Tucked away in the greenery of West London’s Kew Gardens, the 17th century Kew Palace is considered small and humble as far as palace standards are concerned, an idyllic and private place where Georgian royalty could focus on living lives as normally as possible. It was both a residence and a secluded weekend retreat over the years, but is most closely tied to the story of George III and its role as a refuge during his battle with mental health. Though he relapsed several times, he was first confined to the property in 1788 during his struggle with “madness”, away from the eyes of the curious public while doctors attempted to “cure” him with desperate methods, from laxatives to leeching. In 1818, his wife Queen Charlotte suffered an unexpected illness and died here after nearly a year. After this, the palace was closed. They had 15 children together, but securing an heir to the throne became a race between two Dukes. Eventually, Queen Victoria was born.
With many original furnishings, the palace interiors seem frozen in time. Some areas are stripped back to reveal the original building techniques and materials. Knowledgeable guides in costume further engage the imagination of visitors. One highlight of a visit is a glimpse into the preserved Royal Kitchens and Ice House next door to Kew Palace and the neatly planted kitchen garden.
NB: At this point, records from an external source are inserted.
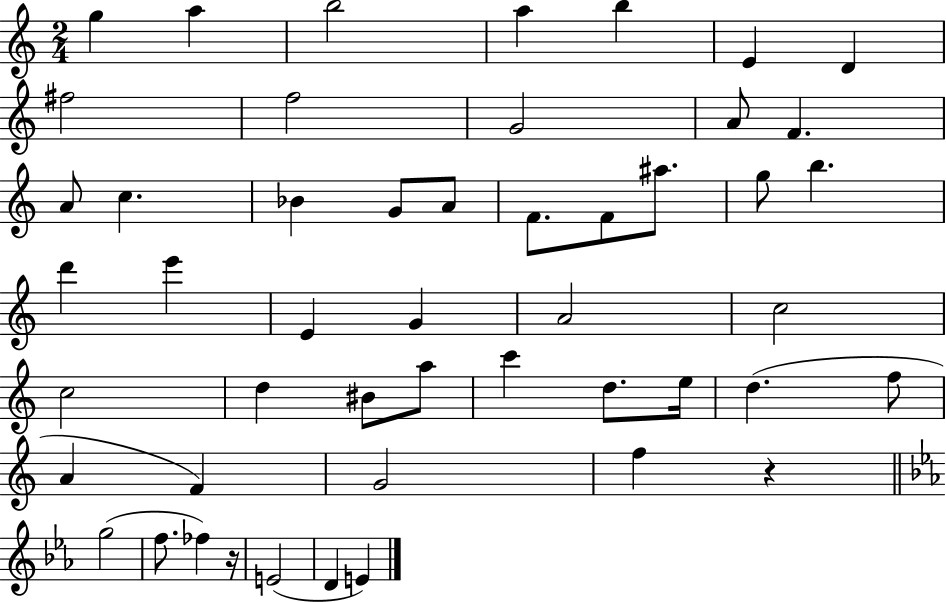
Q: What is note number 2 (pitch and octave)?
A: A5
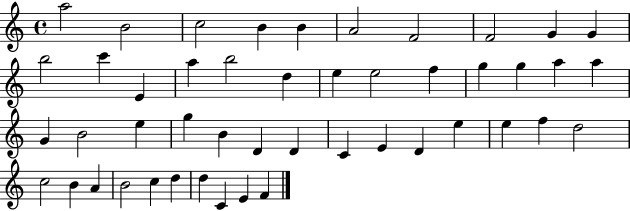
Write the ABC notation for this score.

X:1
T:Untitled
M:4/4
L:1/4
K:C
a2 B2 c2 B B A2 F2 F2 G G b2 c' E a b2 d e e2 f g g a a G B2 e g B D D C E D e e f d2 c2 B A B2 c d d C E F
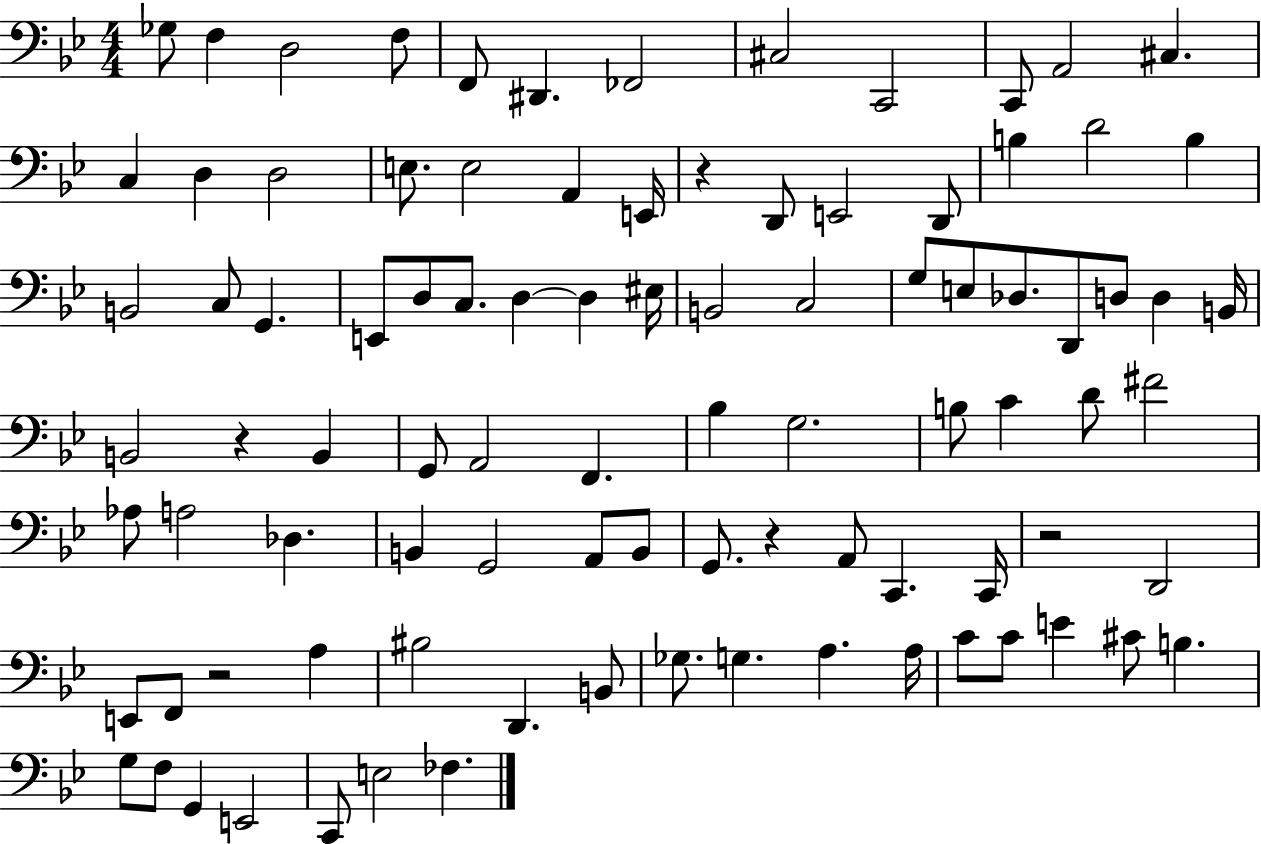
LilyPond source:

{
  \clef bass
  \numericTimeSignature
  \time 4/4
  \key bes \major
  \repeat volta 2 { ges8 f4 d2 f8 | f,8 dis,4. fes,2 | cis2 c,2 | c,8 a,2 cis4. | \break c4 d4 d2 | e8. e2 a,4 e,16 | r4 d,8 e,2 d,8 | b4 d'2 b4 | \break b,2 c8 g,4. | e,8 d8 c8. d4~~ d4 eis16 | b,2 c2 | g8 e8 des8. d,8 d8 d4 b,16 | \break b,2 r4 b,4 | g,8 a,2 f,4. | bes4 g2. | b8 c'4 d'8 fis'2 | \break aes8 a2 des4. | b,4 g,2 a,8 b,8 | g,8. r4 a,8 c,4. c,16 | r2 d,2 | \break e,8 f,8 r2 a4 | bis2 d,4. b,8 | ges8. g4. a4. a16 | c'8 c'8 e'4 cis'8 b4. | \break g8 f8 g,4 e,2 | c,8 e2 fes4. | } \bar "|."
}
Entry to Kew Palace and Queen Charlotte’s Cottage is included in the price of a ticket to Kew Gardens, which costs £15, not including a suggested donation. Various discounts are available. Kew Palace is open from 11am daily with last admission at 4pm. Tours of the Royal Kitchen depend on volunteer availability. Queen Charlotte’s Cottage is open weekends and bank holidays from 11:30am with last admission at 3:20pm, also depending on volunteer availability.